Pues bien, esas dudas, en lo que a la vida política se refiere, se están planteando ahora como nunca en nuestra historia. ¿Seremos capaces de soportarlas? Me estoy refiriendo a esa especie de analogía que, según opinión generalizada, se da entre una concepción cristiana del orden social y el ideario político del Partido Popular. Se da o se daba. Lo digo porque últimamente el Partido Popular anda muy tibio en lo que se refiere a la defensa de la vida. Muchos temen que el PP haya abandonado el humanismo cristiano como inspiración básica de sus principios. Y, por tanto, podría llegar a acuerdos con la izquierda sobre el aborto y la eutanasia. Lo mismo cabría decir de la asignatura de Educación para la Ciudadanía, en la que el PSOE tiene puestas todas sus complacencias. Según las noticias más recientes, el PP estaría dispuesto a proponer un pacto a los socialistas para mantener la asignatura, practicando una revisión consensuada de sus contenidos, cosa más que improbable que acepte el PSOE.

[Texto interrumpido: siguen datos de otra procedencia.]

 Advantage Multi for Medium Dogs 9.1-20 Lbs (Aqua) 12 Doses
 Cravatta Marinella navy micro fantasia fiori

Y es que muchos creen que el Partido Popular es una especie de democracia cristina. Y no lo es ni puede serlo; el Concilio Vaticano II liquidó toda idea de que la Iglesia siguiera tomando parte en la gobernabilidad de los pueblos. Para evitar confusiones, ni la Iglesia ni los cristianos como tales pueden ya organizar partidos confesionales. Eso no quiere decir que los cristianos no puedan tomar parte activa en la vida pública. No sólo pueden, sino que deben. El Concilio recuerda que el Evangelio, lejos de apartar a los cristianos de la edificación del mundo, les impone el deber de hacerlo (GS 34, 3). Es decir que, consecuentemente con su fe, el cristiano debe cooperar al bien del país y a que las instituciones funcionen como deben funcionar según sus convicciones. Por tanto, los creyentes y sus líderes, los obispos, deben ser muy críticos con los partidos políticos que no gestionen honradamente el bien común. Sin distinciones, sean del partido que sean.

Así, pues, hará muy bien el Partido Popular de no cobijarse bajo la sombra de los obispos para crecer. La experiencia tiene demostrado que la identificación de los partidos con la Iglesia no sólo debilitó a la Iglesia, sino que desprestigió a los partidos. Pero tampoco los obispos, o algunos obispos, deben tratar de que el PP les proporcione ningún trato de favor para la obtención de influencias. Como dicen en La Mancha, “amigos, pero el borrico a la linde”.